- To do -
Set down exactly, from the records below, the line with "So in this course, Creating" through the line with "Welcome to today's", and nothing else.

Saved data entries:
◆ ◆ ◆ ◆ ◆ ◆ ◆

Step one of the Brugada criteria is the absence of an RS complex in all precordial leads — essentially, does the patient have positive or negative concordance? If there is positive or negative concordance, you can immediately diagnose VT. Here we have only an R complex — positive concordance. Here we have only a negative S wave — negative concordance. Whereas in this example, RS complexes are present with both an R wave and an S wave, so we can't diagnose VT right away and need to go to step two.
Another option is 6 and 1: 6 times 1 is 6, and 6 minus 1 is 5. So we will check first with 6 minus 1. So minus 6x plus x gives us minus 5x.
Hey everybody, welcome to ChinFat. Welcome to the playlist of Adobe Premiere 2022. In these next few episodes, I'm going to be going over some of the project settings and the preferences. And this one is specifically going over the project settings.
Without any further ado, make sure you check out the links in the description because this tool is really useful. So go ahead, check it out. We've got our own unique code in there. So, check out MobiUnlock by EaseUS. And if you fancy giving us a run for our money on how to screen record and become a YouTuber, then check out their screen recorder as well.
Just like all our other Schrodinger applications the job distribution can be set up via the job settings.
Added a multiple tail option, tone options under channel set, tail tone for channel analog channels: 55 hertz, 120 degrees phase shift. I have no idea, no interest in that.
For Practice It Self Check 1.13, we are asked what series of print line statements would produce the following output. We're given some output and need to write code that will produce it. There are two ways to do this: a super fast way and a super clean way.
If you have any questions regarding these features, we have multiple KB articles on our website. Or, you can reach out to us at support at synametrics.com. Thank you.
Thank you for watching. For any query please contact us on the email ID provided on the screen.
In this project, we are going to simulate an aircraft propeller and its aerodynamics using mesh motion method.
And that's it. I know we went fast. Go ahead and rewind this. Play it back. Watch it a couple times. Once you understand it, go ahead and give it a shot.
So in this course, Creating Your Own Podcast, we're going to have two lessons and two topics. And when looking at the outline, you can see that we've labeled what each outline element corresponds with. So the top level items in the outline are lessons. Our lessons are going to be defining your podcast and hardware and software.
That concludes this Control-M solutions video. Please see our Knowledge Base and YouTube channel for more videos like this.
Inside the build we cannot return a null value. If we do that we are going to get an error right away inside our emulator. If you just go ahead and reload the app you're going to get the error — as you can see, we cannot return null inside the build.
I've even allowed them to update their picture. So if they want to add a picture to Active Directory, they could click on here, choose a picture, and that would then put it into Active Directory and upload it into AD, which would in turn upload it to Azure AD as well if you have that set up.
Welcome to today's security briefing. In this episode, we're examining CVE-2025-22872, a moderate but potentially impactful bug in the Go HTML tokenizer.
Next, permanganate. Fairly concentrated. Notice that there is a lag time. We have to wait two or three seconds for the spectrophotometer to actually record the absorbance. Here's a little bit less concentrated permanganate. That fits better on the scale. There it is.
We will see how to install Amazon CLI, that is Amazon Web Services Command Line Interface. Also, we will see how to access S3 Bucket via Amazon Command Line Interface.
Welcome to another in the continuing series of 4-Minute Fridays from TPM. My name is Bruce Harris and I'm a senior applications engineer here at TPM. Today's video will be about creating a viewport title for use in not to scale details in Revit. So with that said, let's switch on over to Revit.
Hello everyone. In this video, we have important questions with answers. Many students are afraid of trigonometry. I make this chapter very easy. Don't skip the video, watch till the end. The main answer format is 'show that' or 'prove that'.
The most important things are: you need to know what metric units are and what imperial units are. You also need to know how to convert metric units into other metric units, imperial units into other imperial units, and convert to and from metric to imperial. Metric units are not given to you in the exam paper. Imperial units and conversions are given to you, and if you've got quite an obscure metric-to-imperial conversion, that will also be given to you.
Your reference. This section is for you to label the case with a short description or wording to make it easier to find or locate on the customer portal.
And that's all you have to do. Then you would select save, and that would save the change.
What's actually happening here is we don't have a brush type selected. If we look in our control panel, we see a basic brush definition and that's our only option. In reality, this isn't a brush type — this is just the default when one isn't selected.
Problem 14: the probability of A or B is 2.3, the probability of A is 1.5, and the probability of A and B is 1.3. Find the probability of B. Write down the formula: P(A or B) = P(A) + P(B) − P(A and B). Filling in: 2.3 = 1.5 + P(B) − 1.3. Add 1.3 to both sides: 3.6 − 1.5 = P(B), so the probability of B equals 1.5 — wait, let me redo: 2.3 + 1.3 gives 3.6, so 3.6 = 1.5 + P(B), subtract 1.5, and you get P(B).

◆ ◆ ◆ ◆ ◆ ◆ ◆

- Response -
So in this course, Creating Your Own Podcast, we're going to have two lessons and two topics. And when looking at the outline, you can see that we've labeled what each outline element corresponds with. So the top level items in the outline are lessons. Our lessons are going to be defining your podcast and hardware and software.
That concludes this Control-M solutions video. Please see our Knowledge Base and YouTube channel for more videos like this.
Inside the build we cannot return a null value. If we do that we are going to get an error right away inside our emulator. If you just go ahead and reload the app you're going to get the error — as you can see, we cannot return null inside the build.
I've even allowed them to update their picture. So if they want to add a picture to Active Directory, they could click on here, choose a picture, and that would then put it into Active Directory and upload it into AD, which would in turn upload it to Azure AD as well if you have that set up.
Welcome to today's security briefing. In this episode, we're examining CVE-2025-22872, a moderate but potentially impactful bug in the Go HTML tokenizer.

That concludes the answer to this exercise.